After writing this zīj al-Fazārī composed another, probably about 790, called the Zīj ʿalā sinī al-ʿArab (“Astronomical Tables According to the Years of the Arabs”). In this zīj he apparently tabulated the mean motions of the planets for one to sixty saura days, 1,0 to 6,0 saura days (6,0 saura days being equal to one sidereal year), one to sixty sidereal years, and an unknown number of sixty-year periods; and he evidently added tables for converting kalpa ahargaṇas into Hegira dates. Of this latter set of tables we still have copies of the Mujarrad table for finding the day of the week with which each Arab year and month begins. Moreover, we have al-Fazārī’s list of the countries of the world and their dimensions from this zīj; the dimensions presuppose a much larger earth than that allowed by the circumference of the earth which he introduced into his Zīj al-Sindhind al-kabīr from the Āryabhaṭīya.

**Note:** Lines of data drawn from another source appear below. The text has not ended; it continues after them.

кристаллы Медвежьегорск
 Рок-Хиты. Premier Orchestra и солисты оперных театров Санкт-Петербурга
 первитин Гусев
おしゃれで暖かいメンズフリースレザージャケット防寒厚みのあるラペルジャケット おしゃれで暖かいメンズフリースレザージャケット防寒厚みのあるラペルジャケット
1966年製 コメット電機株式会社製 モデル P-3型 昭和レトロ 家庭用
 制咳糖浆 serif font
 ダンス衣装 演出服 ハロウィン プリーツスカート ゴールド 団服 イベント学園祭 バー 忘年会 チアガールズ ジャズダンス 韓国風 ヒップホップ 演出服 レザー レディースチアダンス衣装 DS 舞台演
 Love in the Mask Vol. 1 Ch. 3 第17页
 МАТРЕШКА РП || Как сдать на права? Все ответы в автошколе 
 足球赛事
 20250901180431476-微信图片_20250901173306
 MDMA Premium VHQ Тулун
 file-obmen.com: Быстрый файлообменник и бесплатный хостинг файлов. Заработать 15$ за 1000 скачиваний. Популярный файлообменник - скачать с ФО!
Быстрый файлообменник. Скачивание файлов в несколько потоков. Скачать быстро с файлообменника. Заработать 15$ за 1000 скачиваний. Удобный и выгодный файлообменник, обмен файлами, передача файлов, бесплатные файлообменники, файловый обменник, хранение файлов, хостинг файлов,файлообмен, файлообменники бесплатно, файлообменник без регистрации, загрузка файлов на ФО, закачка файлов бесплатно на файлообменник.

Very little else is known of al-Fazārī’s works. A few lines of his Qaṣīda fī ʿilm al-nujūm (“Poem on the Science of the Stars”) are preserved by Yāqūt and al-Ṣafadī, and the bibliographers record books on the use of the plane astrolabe (al-Fazārī is said to have been the first in Islam to construct one) and the armillary sphere, and on the measurement of noon. But we do have enough of his zījes to know that his work was almost entirely derivative and that he could not even combine his disparate sources into a unified system. His significance lies entirely in that he helped to introduce a large body of Indian astronomical parameters and computational techniques to Islamic scientists.
The numerous references to al-Fazārī are collected and discussed in D. Pingree, “The Fragments of the Works of al-Fazārī,” in Journal of Near Eastern Studies, 29 (1970), 103–123.